PROBLEM DESCRIPTION.
Every record shown here needs to be repeated exactly.

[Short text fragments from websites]
________________
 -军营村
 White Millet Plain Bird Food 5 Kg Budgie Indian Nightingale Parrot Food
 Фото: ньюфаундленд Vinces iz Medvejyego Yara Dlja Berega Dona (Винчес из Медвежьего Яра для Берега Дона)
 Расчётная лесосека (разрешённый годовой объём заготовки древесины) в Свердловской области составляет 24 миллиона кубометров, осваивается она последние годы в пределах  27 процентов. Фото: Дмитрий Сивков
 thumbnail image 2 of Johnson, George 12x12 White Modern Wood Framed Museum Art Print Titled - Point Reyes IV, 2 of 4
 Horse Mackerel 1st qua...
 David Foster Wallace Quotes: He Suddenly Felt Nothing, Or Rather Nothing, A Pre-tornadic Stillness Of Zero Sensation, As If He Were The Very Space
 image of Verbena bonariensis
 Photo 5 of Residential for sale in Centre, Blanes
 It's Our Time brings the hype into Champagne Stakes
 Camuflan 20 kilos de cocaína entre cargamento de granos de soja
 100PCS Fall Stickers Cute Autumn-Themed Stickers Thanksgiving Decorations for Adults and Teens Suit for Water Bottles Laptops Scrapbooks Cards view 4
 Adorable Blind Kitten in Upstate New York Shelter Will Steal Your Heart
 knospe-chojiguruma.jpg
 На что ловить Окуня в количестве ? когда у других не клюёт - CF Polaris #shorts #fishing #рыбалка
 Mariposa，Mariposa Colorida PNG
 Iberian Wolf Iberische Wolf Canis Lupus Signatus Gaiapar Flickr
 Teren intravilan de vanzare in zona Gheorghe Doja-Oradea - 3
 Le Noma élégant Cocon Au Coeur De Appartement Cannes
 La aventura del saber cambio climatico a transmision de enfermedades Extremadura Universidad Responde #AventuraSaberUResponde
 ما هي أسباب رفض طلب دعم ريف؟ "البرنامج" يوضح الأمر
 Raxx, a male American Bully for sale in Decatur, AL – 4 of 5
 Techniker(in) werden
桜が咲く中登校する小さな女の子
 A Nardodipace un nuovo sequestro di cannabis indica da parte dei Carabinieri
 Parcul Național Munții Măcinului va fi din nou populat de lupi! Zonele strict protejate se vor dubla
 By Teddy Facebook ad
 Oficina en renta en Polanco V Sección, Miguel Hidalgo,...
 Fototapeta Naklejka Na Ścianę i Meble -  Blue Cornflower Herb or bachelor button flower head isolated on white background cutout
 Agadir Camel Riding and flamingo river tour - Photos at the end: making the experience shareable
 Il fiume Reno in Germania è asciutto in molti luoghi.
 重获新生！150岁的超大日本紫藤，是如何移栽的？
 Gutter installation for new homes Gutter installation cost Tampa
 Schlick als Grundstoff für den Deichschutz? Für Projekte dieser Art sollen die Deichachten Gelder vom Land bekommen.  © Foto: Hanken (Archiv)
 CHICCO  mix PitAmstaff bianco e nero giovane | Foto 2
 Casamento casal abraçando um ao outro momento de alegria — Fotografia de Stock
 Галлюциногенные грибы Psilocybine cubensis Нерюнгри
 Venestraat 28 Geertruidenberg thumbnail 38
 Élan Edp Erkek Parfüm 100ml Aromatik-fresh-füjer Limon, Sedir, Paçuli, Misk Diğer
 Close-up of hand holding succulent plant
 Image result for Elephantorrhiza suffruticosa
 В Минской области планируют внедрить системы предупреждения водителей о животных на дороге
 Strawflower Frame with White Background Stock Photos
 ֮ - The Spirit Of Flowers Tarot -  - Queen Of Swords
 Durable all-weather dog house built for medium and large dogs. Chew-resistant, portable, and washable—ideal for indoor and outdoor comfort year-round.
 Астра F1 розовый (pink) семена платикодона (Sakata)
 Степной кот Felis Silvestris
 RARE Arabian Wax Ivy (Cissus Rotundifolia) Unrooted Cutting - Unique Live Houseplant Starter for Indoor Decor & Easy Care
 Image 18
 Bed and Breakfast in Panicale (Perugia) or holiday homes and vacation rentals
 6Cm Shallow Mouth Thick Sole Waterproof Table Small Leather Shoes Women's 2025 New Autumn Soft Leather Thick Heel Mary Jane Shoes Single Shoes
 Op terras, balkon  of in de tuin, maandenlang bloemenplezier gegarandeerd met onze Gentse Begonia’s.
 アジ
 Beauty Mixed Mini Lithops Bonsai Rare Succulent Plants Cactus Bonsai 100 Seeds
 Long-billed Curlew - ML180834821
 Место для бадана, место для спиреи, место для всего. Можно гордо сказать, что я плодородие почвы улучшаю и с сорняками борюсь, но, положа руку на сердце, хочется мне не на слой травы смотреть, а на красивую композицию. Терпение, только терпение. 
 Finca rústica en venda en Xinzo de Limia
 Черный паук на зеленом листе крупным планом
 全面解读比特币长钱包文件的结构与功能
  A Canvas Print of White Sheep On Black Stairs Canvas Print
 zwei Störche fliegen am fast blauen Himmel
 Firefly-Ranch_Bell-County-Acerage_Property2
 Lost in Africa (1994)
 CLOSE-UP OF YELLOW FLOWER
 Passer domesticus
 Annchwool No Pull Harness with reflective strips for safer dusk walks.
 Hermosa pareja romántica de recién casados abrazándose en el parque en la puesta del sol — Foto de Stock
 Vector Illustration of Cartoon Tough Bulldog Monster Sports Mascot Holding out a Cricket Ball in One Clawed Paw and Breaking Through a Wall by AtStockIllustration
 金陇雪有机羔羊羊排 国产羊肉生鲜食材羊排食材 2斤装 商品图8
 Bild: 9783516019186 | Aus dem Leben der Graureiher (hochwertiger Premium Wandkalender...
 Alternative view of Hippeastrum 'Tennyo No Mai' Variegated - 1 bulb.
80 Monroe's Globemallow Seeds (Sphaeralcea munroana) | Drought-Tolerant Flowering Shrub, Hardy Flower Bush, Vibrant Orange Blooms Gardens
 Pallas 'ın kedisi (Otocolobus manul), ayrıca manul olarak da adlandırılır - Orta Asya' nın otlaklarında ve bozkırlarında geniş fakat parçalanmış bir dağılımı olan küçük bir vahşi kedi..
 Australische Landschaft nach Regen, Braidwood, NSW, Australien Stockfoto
________________
EXERCISE RESULT.
 -军营村
 White Millet Plain Bird Food 5 Kg Budgie Indian Nightingale Parrot Food
 Фото: ньюфаундленд Vinces iz Medvejyego Yara Dlja Berega Dona (Винчес из Медвежьего Яра для Берега Дона)
 Расчётная лесосека (разрешённый годовой объём заготовки древесины) в Свердловской области составляет 24 миллиона кубометров, осваивается она последние годы в пределах  27 процентов. Фото: Дмитрий Сивков
 thumbnail image 2 of Johnson, George 12x12 White Modern Wood Framed Museum Art Print Titled - Point Reyes IV, 2 of 4
 Horse Mackerel 1st qua...
 David Foster Wallace Quotes: He Suddenly Felt Nothing, Or Rather Nothing, A Pre-tornadic Stillness Of Zero Sensation, As If He Were The Very Space
 image of Verbena bonariensis
 Photo 5 of Residential for sale in Centre, Blanes
 It's Our Time brings the hype into Champagne Stakes
 Camuflan 20 kilos de cocaína entre cargamento de granos de soja
 100PCS Fall Stickers Cute Autumn-Themed Stickers Thanksgiving Decorations for Adults and Teens Suit for Water Bottles Laptops Scrapbooks Cards view 4
 Adorable Blind Kitten in Upstate New York Shelter Will Steal Your Heart
 knospe-chojiguruma.jpg
 На что ловить Окуня в количестве ? когда у других не клюёт - CF Polaris #shorts #fishing #рыбалка
 Mariposa，Mariposa Colorida PNG
 Iberian Wolf Iberische Wolf Canis Lupus Signatus Gaiapar Flickr
 Teren intravilan de vanzare in zona Gheorghe Doja-Oradea - 3
 Le Noma élégant Cocon Au Coeur De Appartement Cannes
 La aventura del saber cambio climatico a transmision de enfermedades Extremadura Universidad Responde #AventuraSaberUResponde
 ما هي أسباب رفض طلب دعم ريف؟ "البرنامج" يوضح الأمر
 Raxx, a male American Bully for sale in Decatur, AL – 4 of 5
 Techniker(in) werden
桜が咲く中登校する小さな女の子
 A Nardodipace un nuovo sequestro di cannabis indica da parte dei Carabinieri
 Parcul Național Munții Măcinului va fi din nou populat de lupi! Zonele strict protejate se vor dubla
 By Teddy Facebook ad
 Oficina en renta en Polanco V Sección, Miguel Hidalgo,...
 Fototapeta Naklejka Na Ścianę i Meble -  Blue Cornflower Herb or bachelor button flower head isolated on white background cutout
 Agadir Camel Riding and flamingo river tour - Photos at the end: making the experience shareable
 Il fiume Reno in Germania è asciutto in molti luoghi.
 重获新生！150岁的超大日本紫藤，是如何移栽的？
 Gutter installation for new homes Gutter installation cost Tampa
 Schlick als Grundstoff für den Deichschutz? Für Projekte dieser Art sollen die Deichachten Gelder vom Land bekommen.  © Foto: Hanken (Archiv)
 CHICCO  mix PitAmstaff bianco e nero giovane | Foto 2
 Casamento casal abraçando um ao outro momento de alegria — Fotografia de Stock
 Галлюциногенные грибы Psilocybine cubensis Нерюнгри
 Venestraat 28 Geertruidenberg thumbnail 38
 Élan Edp Erkek Parfüm 100ml Aromatik-fresh-füjer Limon, Sedir, Paçuli, Misk Diğer
 Close-up of hand holding succulent plant
 Image result for Elephantorrhiza suffruticosa
 В Минской области планируют внедрить системы предупреждения водителей о животных на дороге
 Strawflower Frame with White Background Stock Photos
 ֮ - The Spirit Of Flowers Tarot -  - Queen Of Swords
 Durable all-weather dog house built for medium and large dogs. Chew-resistant, portable, and washable—ideal for indoor and outdoor comfort year-round.
 Астра F1 розовый (pink) семена платикодона (Sakata)
 Степной кот Felis Silvestris
 RARE Arabian Wax Ivy (Cissus Rotundifolia) Unrooted Cutting - Unique Live Houseplant Starter for Indoor Decor & Easy Care
 Image 18
 Bed and Breakfast in Panicale (Perugia) or holiday homes and vacation rentals
 6Cm Shallow Mouth Thick Sole Waterproof Table Small Leather Shoes Women's 2025 New Autumn Soft Leather Thick Heel Mary Jane Shoes Single Shoes
 Op terras, balkon  of in de tuin, maandenlang bloemenplezier gegarandeerd met onze Gentse Begonia’s.
 アジ
 Beauty Mixed Mini Lithops Bonsai Rare Succulent Plants Cactus Bonsai 100 Seeds
 Long-billed Curlew - ML180834821
 Место для бадана, место для спиреи, место для всего. Можно гордо сказать, что я плодородие почвы улучшаю и с сорняками борюсь, но, положа руку на сердце, хочется мне не на слой травы смотреть, а на красивую композицию. Терпение, только терпение. 
 Finca rústica en venda en Xinzo de Limia
 Черный паук на зеленом листе крупным планом
 全面解读比特币长钱包文件的结构与功能
  A Canvas Print of White Sheep On Black Stairs Canvas Print
 zwei Störche fliegen am fast blauen Himmel
 Firefly-Ranch_Bell-County-Acerage_Property2
 Lost in Africa (1994)
 CLOSE-UP OF YELLOW FLOWER
 Passer domesticus
 Annchwool No Pull Harness with reflective strips for safer dusk walks.
 Hermosa pareja romántica de recién casados abrazándose en el parque en la puesta del sol — Foto de Stock
 Vector Illustration of Cartoon Tough Bulldog Monster Sports Mascot Holding out a Cricket Ball in One Clawed Paw and Breaking Through a Wall by AtStockIllustration
 金陇雪有机羔羊羊排 国产羊肉生鲜食材羊排食材 2斤装 商品图8
 Bild: 9783516019186 | Aus dem Leben der Graureiher (hochwertiger Premium Wandkalender...
 Alternative view of Hippeastrum 'Tennyo No Mai' Variegated - 1 bulb.
80 Monroe's Globemallow Seeds (Sphaeralcea munroana) | Drought-Tolerant Flowering Shrub, Hardy Flower Bush, Vibrant Orange Blooms Gardens
 Pallas 'ın kedisi (Otocolobus manul), ayrıca manul olarak da adlandırılır - Orta Asya' nın otlaklarında ve bozkırlarında geniş fakat parçalanmış bir dağılımı olan küçük bir vahşi kedi..
 Australische Landschaft nach Regen, Braidwood, NSW, Australien Stockfoto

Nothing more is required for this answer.